Tésamoréline. Si vous êtes actionnaire de Theratechnologies (T.TH), apprenez à prononcer ce mot. Parce que la biotech montréalaise a décidé de tout miser sur son meilleur cheval, quitte à laisser les autres à l'écurie. Et selon le grand patron, cette stratégie devrait conduire aux premiers profits de l'histoire de Theratechnologies... d'ici 18 mois.

Theratechnologies a profité de son assemblée annuelle hier pour présenter son nouveau «plan triennal» aux actionnaires. Au menu: la tésamoréline, la tésamoréline et encore la tésamoréline.

 

«Dans les trois prochaines années, on bâtit sur ce qu'on connaît», a expliqué Yves Rosconi, président et chef de la direction de Theratechnologies.

La tésamoréline est cette molécule mise au point par Theratechnologies qui permet de traiter la lipodystrophie - une condition qui affecte les patients atteints du VIH, creusant les joues et amenant une accumulation de gras à l'abdomen.

Le produit est l'un des seuls conçus au Québec à avoir passé avec succès la batterie de tests que doivent subir les médicaments avant d'être commercialisés. En octobre dernier, Theratechnologies a signé une entente avec un partenaire, EMD Serono, pour le commercialiser aux États-Unis.

Serono a déjà versé 38,7 millions à la biotech montréalaise, et d'autres versements sont prévus à mesure que l'entreprise franchira diverses étapes vers la commercialisation.

Si tout se déroule comme prévu, Theratechnologies est donc maintenant une «entreprise autonome financièrement», dit M. Rosconi.

«On n'aura pas besoin de retourner au marché au cours des trois prochaines années, dit le président.

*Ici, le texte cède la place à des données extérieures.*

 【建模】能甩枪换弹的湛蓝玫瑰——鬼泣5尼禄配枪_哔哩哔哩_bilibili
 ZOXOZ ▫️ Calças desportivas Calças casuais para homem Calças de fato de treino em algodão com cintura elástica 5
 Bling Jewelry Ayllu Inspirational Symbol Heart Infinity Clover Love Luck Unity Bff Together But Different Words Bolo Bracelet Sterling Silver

Et quand on regarde les marchés actuellement, ce n'est pas une mauvaise chose.» Theratechnologies en sait quelque chose, elle dont le titre a connu la cinquième plus forte baisse du TSX en 2008, dégringolant de 81,6% en dépit de l'atteinte de plusieurs étapes importantes.

«Tout s'est écrasé, le bon comme le mauvais», a d'ailleurs déploré hier Paul Pommier, président du conseil, rappelant que le secteur des biotechnologies a été particulièrement frappé par la crise.

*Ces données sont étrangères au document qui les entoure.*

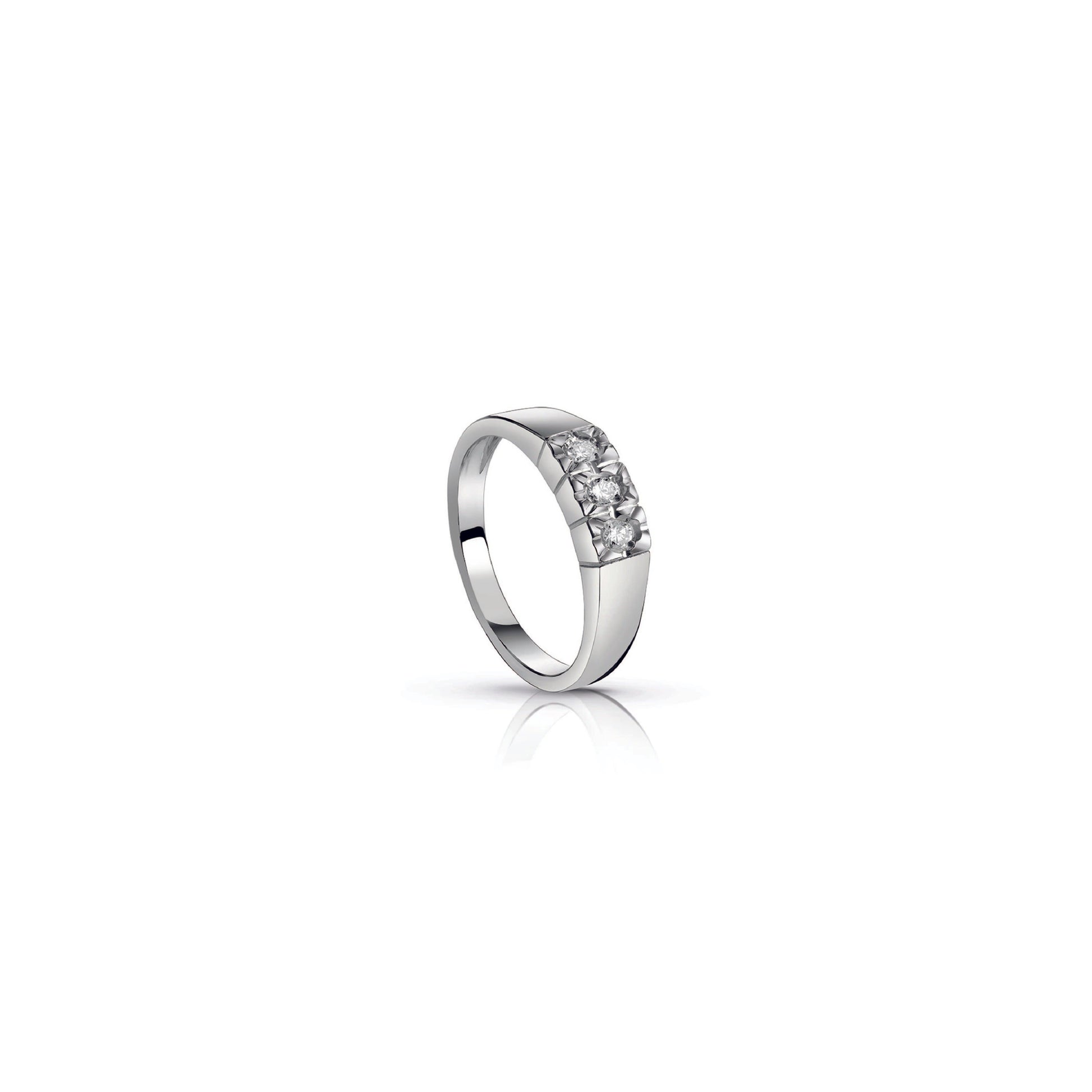 Anello Trilogy diamantato - Gioielleria Conte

Qu'à cela ne tienne: en marge de l'assemblée, hier, M. Rosconi a affirmé que les paiements de son nouveau partenaire seront suffisants pour transformer Theratechnologies d'entreprise qui brûle des fonds en recherche... en entreprise rentable.

«D'ici 18 mois, on sera une entreprise qui déclare des bénéfices par action», a prédit M. Rosconi. Ce serait une première pour la boîte fondée en 1993.

Mais il reste du boulot à abattre d'ici là, d'où le plan étalé sur trois ans.

Première étape: soumettre d'ici juin un dossier aux autorités américaines, qui n'ont toujours pas approuvé la commercialisation de la tésamoréline. Il faut en moyenne un an aux autorités pour approuver ce genre de produit.

La deuxième étape sera de trouver des partenaires pour commercialiser son produit dans d'autres marchés. L'entreprise a parlé hier de l'Europe et de l'Amérique latine, mais a avoué qu'elle déposera son dossier aux États-Unis avant de signer un autre partenariat.

La troisième étape concerne encore la tésamoréline. Theratechnologies croit qu'au-delà de son potentiel pour traiter la lipodystrophie, la molécule pourrait traiter d'autres conditions comme le déficit d'hormone de croissance lié à l'obésité, les troubles du sommeil ou certaines maladies pulmonaires. Theratechnologies devrait annoncer sa prochaine cible d'ici au début de l'automne.

Mais ne risque-t-on pas de compromettre l'avenir en misant tout sur une seule molécule? Yves Rosconi répond qu'il pourrait effectivement utiliser ses liquidités pour acquérir un nouveau produit. Le hic, c'est qu'il devrait alors retourner se refinancer sur les marchés pour développer la tésamoréline.

«Compte tenu du marché actuel, ce serait criminel de faire ça», dit-il, expliquant qu'il sera toujours temps de regarnir le pipeline dans trois ans.

Maher Yaghi, analyste à Valeurs mobilières Desjardins, approuve. «Les gens avaient peur que l'entreprise utilise son cash pour aller acheter une autre molécule. On est rassuré», dit-il.

Le gros risque pour Theratechnologies est maintenant que les autorités américaines refusent la tésamoréline. Selon l'analyste Maher Yaghi, cette probabilité est minime, mais tout de même réelle. «Là, il va falloir regarder ça sérieusement», admet M. Rosconi, qui explique que les options seront alors de mettre au point une nouvelle molécule... ou d'utiliser l'argent qui sera toujours dans les coffres pour en magasiner une.

Le titre de Theratechnologies a perdu 3,6% hier pour clôturer à 1,87$.